To tell the truth, I should have known better. I mean, doing a post about parenting a pre-teen through the perilous waters of social media is just asking for trouble, right?  I knew opening the conversation would open the door for me to be judged for my choices and place my daughter’s newsfeed under additional scrutiny, but I did it anyway.  Why?  To tell the truth, of course.   

My post, …on the deep dive into social media, was about making sure I was on solid ground in my own use, before challenging my daughter on hers.  I used words like “integrity” and “character” not to paint myself as perfect, but to make public my commitment to align what I put “out there” with what she sees in here… in my home and in me.   

The backlash, while expected, has been a little brutal.  But, it’s ok.  It’s ok because my willingness to view my own life under a microscope has allowed me to widen the lens that I look at hers through, and take in the bigger picture.  

First, someone took a swipe at me to knock me off my pedestal.  

Then, someone swiped my daughters phone.

But here’s the thing..,. Social media isn’t a pedestal… it’s a platform for voices to speak that many don’t want to listen to and so my task wasn’t to micromanage what was on her phone but to ask what was going on in her.  

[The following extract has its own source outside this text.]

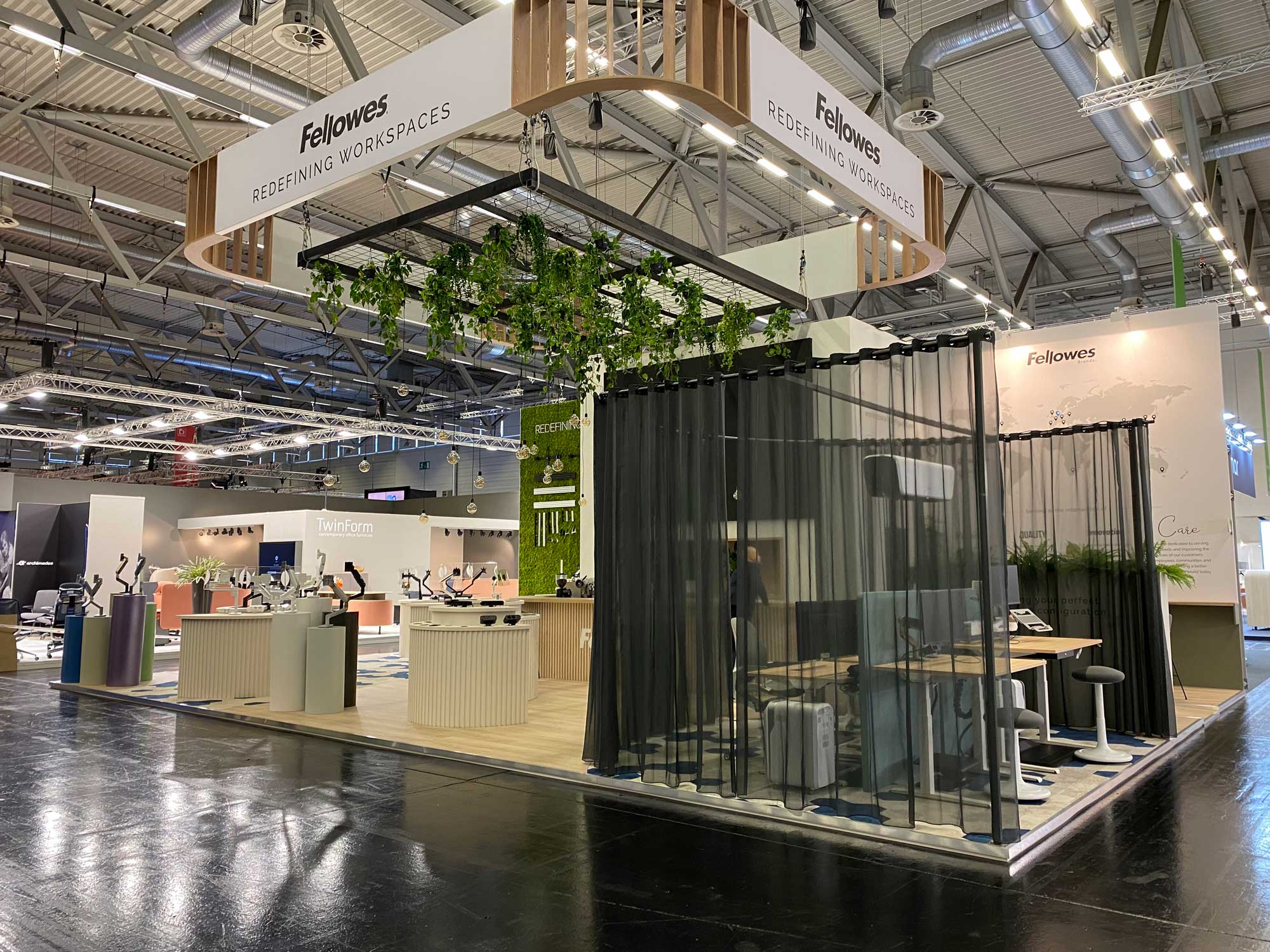 Fellowes zeigt Lösungen für neue Arbeitswelten auf der ORGATEC 2026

Yes, we had access to her social media accounts through other devices but the circumstances created a bubble of time that turned out to be such a luxury.  Since I did not really know the details of what was in another’s hands, we were able to clear away the rubble of the drama and focus on what was at hand.  In that, it became remarkably simple.

Discussion about whether or not her content was questionable became the framework for the questions she wanted to ask about the facts of our lives, as well as the facts of life.   

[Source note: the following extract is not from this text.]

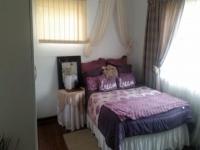 Main Bedroom - 17 square meters of property in Stanger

 “I did then what I knew how to do.  Now that I know better, I do better”

— Maya Angelou

I don’t know it all.  And, no, I don’t know better than you. What I do know is that if it really were that easy, we would all be doing better than we are and so what we each needed to know, separately, placed us, together, at this crossroads.  Then, rather than being at odds with each other, this moment became an intersection of what we both needed to know and when we both needed to “no”.

Throughout my life, I had found that the gap between the knowing heart and doing part could be filled by sorting my mistakes and missteps into two columns…. “When I didn’t KNOW better” and “When I didn’t NO better”.  

Ask any mother… what word do you hear most from your child when they are learning to talk?  “No”.  What word do you tune out, dumb down, prune away and overcome by picking them up bodily and carrying them out while they are carrying on?  Yep… “no”.  Ignored “No’s” become noodle-body toddler tantrums but they become ignorance based shaming episodes over time.  We know from childhood that a “NO”, whether said or heard, means nothing.  

I did then what I knew how to do…

So, now that I know better, what do I do? My previous blog post committed to starting with what I knew OF her before jumping to conclusions ABOUT her.  So I told her what I thought she needed to know.  

She needed to know that I believed IN her, which removed her question of whether I believed her, or not.  She then needed to know that she had a right to question.  A right to privacy.  A right to control who touches her and who teaches what she needs to know.  

In turn, her belief in me allowed me to learn what I needed to know.  Was there anything there that signaled imminent danger… was she considering hurting herself or someone else?  Was there anything on it that could come back to hurt her?  Were the choices she made within the illusion of privacy ones that would damage her reputation or her relationships?  Had she made agreements to meet anyone or act in any way that placed her in harms way?  No. Thank God.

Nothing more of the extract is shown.